I've been refurbishing barrels for a few years now in my home shop. Not for the faint of heart but if you're motivated you can do it.

Here is an article on how:

http://bardcellars.com/refurbishing-a-wine-barrel/


Cheers,
Phil


----------



## sour_grapes (Dec 25, 2016)

philbard said:


> I've been refurbishing barrels for a few years now in my home shop. Not for the faint of heart but if you're motivated you can do it.
> 
> Here is an article on how:
> 
> ...



There was a problem with your link, but here is a working copy: http://bardcellars.com/refurbishing-a-wine-barrel/


----------



## AZMDTed (Dec 25, 2016)

Thanks for posting this and for Sour_Grapes for correcting the link. Very informative.
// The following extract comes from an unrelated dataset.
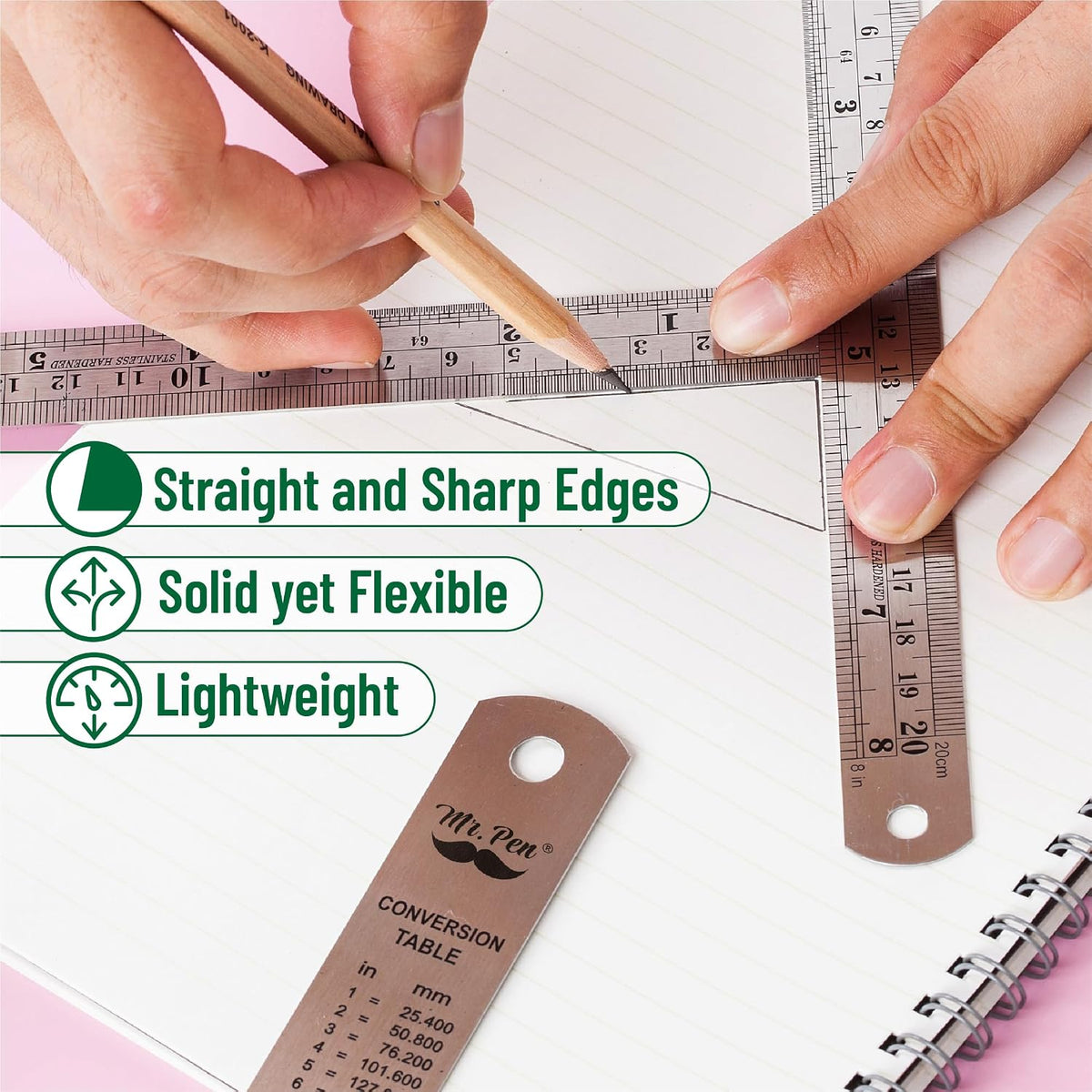 Mr. Pen- Metal Straight Edge Ruler, 6 pcs, 6", 8", 10", 12", 14", 16"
I'm a few years away from needing to try this but it's good to see the step by step process. Thanks for taking the effort to put this together and sharing it.


----------



## Johny99 (Dec 25, 2016)

Really great Phil. I don't think I'll take it on, but nice to know how it is done.


----------



## philbard (Dec 25, 2016)

sour_grapes said:


> There was a problem with your link, but here is a working copy: http://bardcellars.com/refurbishing-a-wine-barrel/



Oops, thanks for fixing it sour_grapes...


----------



## AkTom (Dec 26, 2016)

Nice write up. Thanks


----------



## shoelesst (Jan 26, 2017)

Phil. Awesome! I just posted a video of me doing my barrel with a belt sander and then I saw your post. 
Very impressive. I would be great to take the still shots and make a video from it to put on YouTube. There are very few tutorials for home wine makers on barrel refurbishment. 
Nice work


----------



## philbard (Jan 26, 2017)

shoelesst said:


> Phil. Awesome! I just posted a video of me doing my barrel with a belt sander and then I saw your post.
> Very impressive. I would be great to take the still shots and make a video from it to put on YouTube. There are very few tutorials for home wine makers on barrel refurbishment.
> Nice work



Interesting idea. Maybe I can find the time to do this in the next couple weeks.
Where is your vid?


----------



## shoelesst (Jan 26, 2017)

https://youtu.be/kNsUcat_W8c

Check it out.


----------



## topper9520 (Feb 17, 2017)

Phil What was the mixture you used to put the head back in place ? I am at that stage now that is where I had the leak from.

Robert


----------



## shoelesst (Feb 17, 2017)

I use an equal mix of flour and water. It should be a pretty thick dough, not to wet. I put it in with a small putty knife and then clean up the excess.


----------



## topper9520 (Feb 17, 2017)

Thank you!!


----------